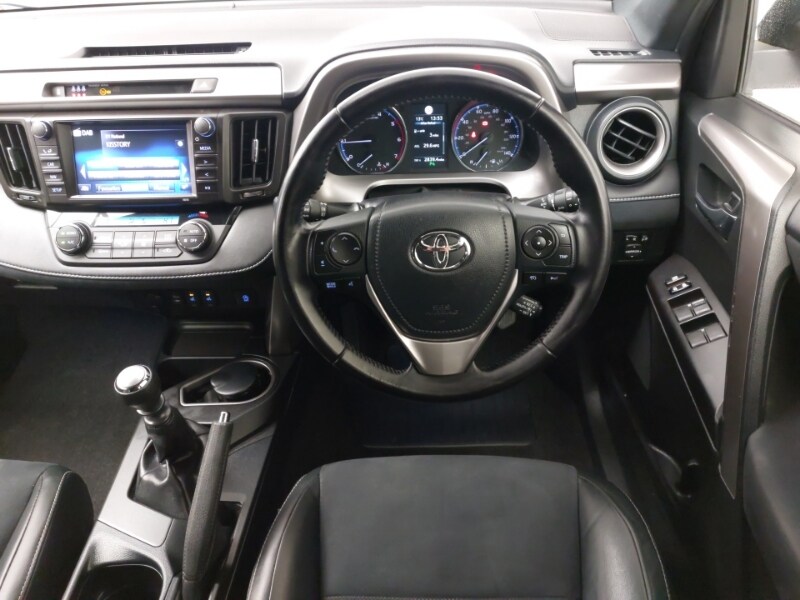 Used Toyota RAV4 2017 for sale - 77847229: Photo 7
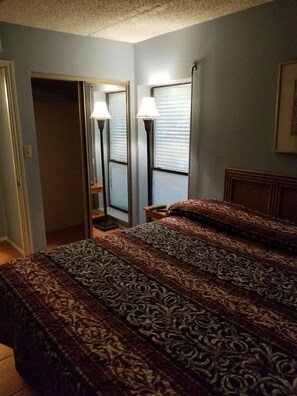 Iron/ironing board, WiFi, bed sheets - * Heart of Entertainment District (South Padre Island)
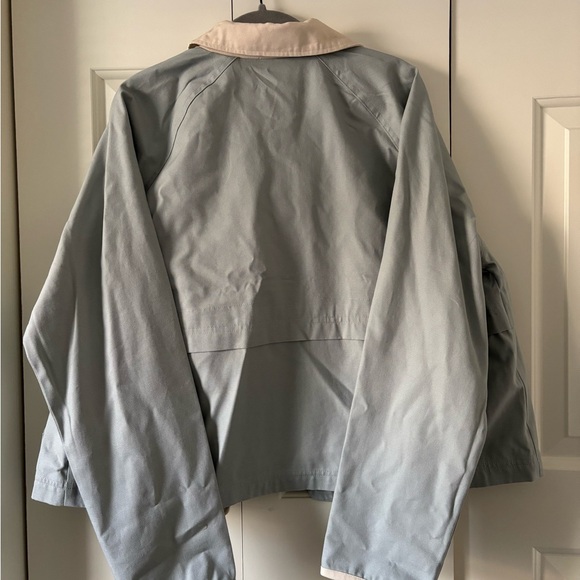 Hunter Light Gray  Raincoat with Cream Collar - Picture 7 of 8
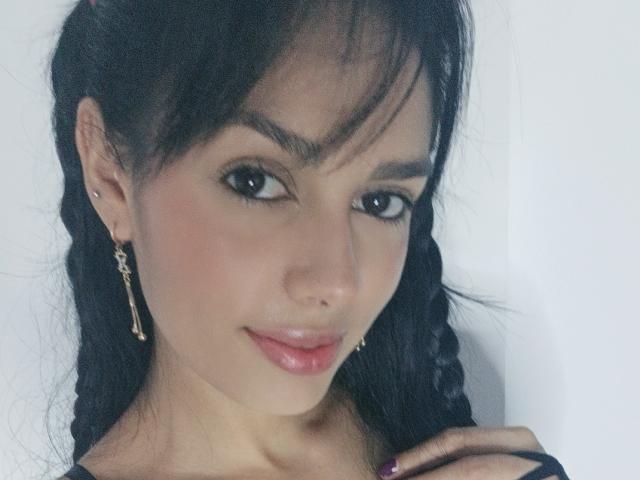 AnaisHilton - Live Sex Cam - 23053777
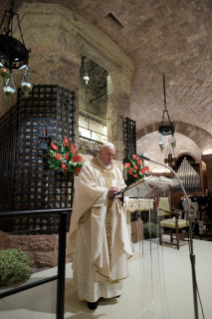 2-Celebrazione della Santa Messa e firma dell’Enciclica “Fratelli tutti” alla tomba di San Francesco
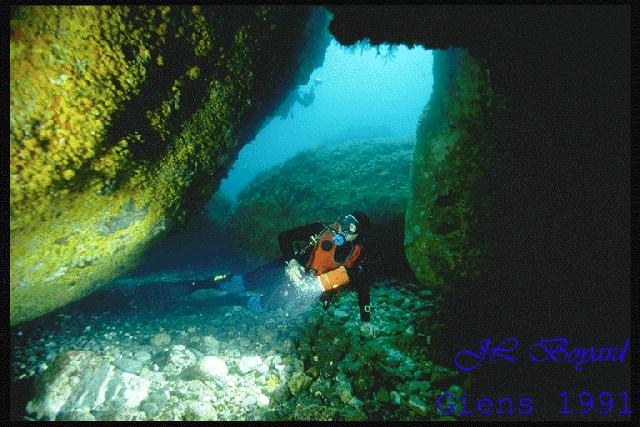 Jean-Claude trouve l'entre d'une grotte.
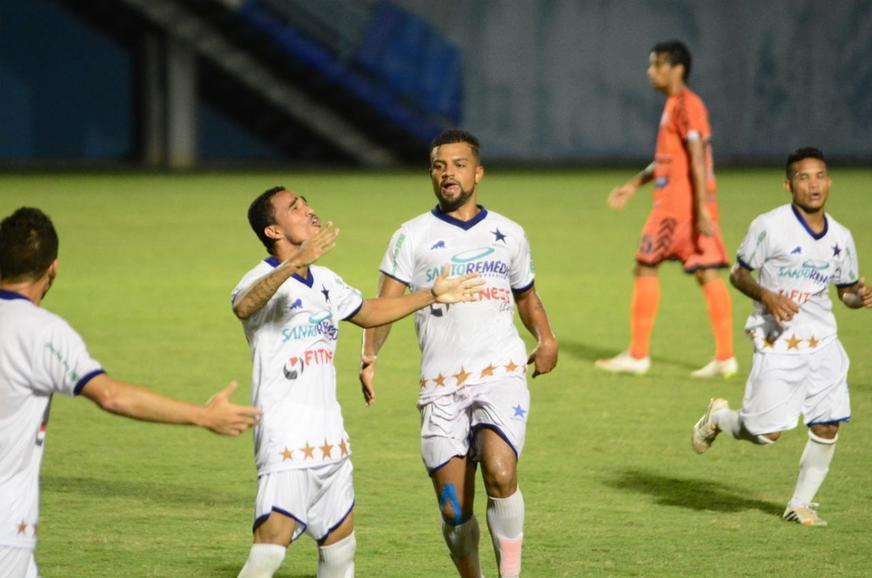Em jogo de viradas e gol no último minuto, Nacional supera Holanda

◆ ◆ ◆ ◆ ◆ ◆ ◆

- ACTIVITY -
From the top of the listing above, repeat each line exactly until you reach the line containing "AnaisHilton - Live Sex Cam - 23053777", and repeat that one too. Leave the pictures out.

- RESULT OF THE TASK -
 Used Toyota RAV4 2017 for sale - 77847229: Photo 7
 Iron/ironing board, WiFi, bed sheets - * Heart of Entertainment District (South Padre Island)
 Hunter Light Gray  Raincoat with Cream Collar - Picture 7 of 8
 AnaisHilton - Live Sex Cam - 23053777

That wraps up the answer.